Legal ding-dong rages on
A huge hit since its release earlier this year, the song prompted criticism from both Gaye’s family and Bridgeport Music, which owns the rights to US band Funkadelic’s music. They have alleged that ‘Blurred Lines’ steals from Gaye’s song ‘Got To Give It Up’ and the Funkadelic track ‘Sexy Ways’.
It was previously suggested that both Gaye’s family and Bridgeport were threatening litigation unless they received financial compensation for the perceived copyright violation. Now, as Billboard reports, Thicke, Williams and TI (real name Clifford Harris Jr) have filed a pre-emptive lawsuit of their own against both parties in order to determine their rights.
The suit reads: “Plaintiffs, who have the utmost respect and admiration for Marvin Gaye, Funkadelic and their musical legacies, reluctantly file this action in the face of multiple adverse claims from alleged successors in interest to those artists. Defendants continue to insist that plaintiffs’ massively successful composition, ‘Blurred Lines’, copies ‘their’ compositions.”
The trio also allege that they have been wrongly accused of copying ‘Got To Give It Up’ as the “Gaye defendants are claiming ownership of an entire genre, as opposed to a specific work”. In regard to ‘Sexy Ways’, meanwhile, they say “there are no similarities between plaintiffs’ composition and those the claimants allege they own, other than commonplace musical elements. Plaintiffs created a hit and did it without copying anyone else’s composition.”
The suit also argues that “being reminiscent of a ‘sound’ is not copyright infringement’ and that “the intent in producing ‘Blurred Lines’ was to evoke an era” rather than a specific song. Thicke, Williams and Harris Jr also want a confirmation that Gaye’s family don’t have a strong enough claim to ‘Got To Give It Up’s copyright to claim infringement, as well as a ruling that the song doesn’t violate any of the defendants’ rights.
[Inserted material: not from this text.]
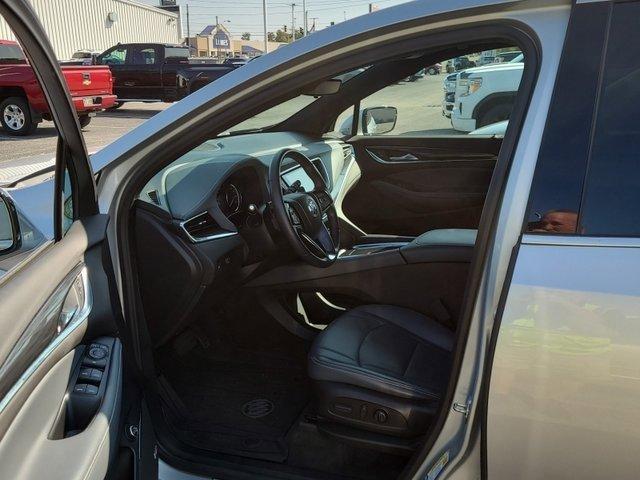 used 2022 Buick Enclave car, priced at $32,229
‘Blurred Lines’ has proved controversial due to both its lyrics and video, both have which have been dubbed sexist. However, Thicke has insisted that the track is “respectful”. and was designed to provoke a debate about relationships between men and women, as well as describing its video as a “feminist movement within itself”.
Blurred Lines’ has recently become the 137th single in the 60-year history of the British charts to sell over a million copies in the UK – and Vampire Weekend and Queens Of The Stone Age have both covered it.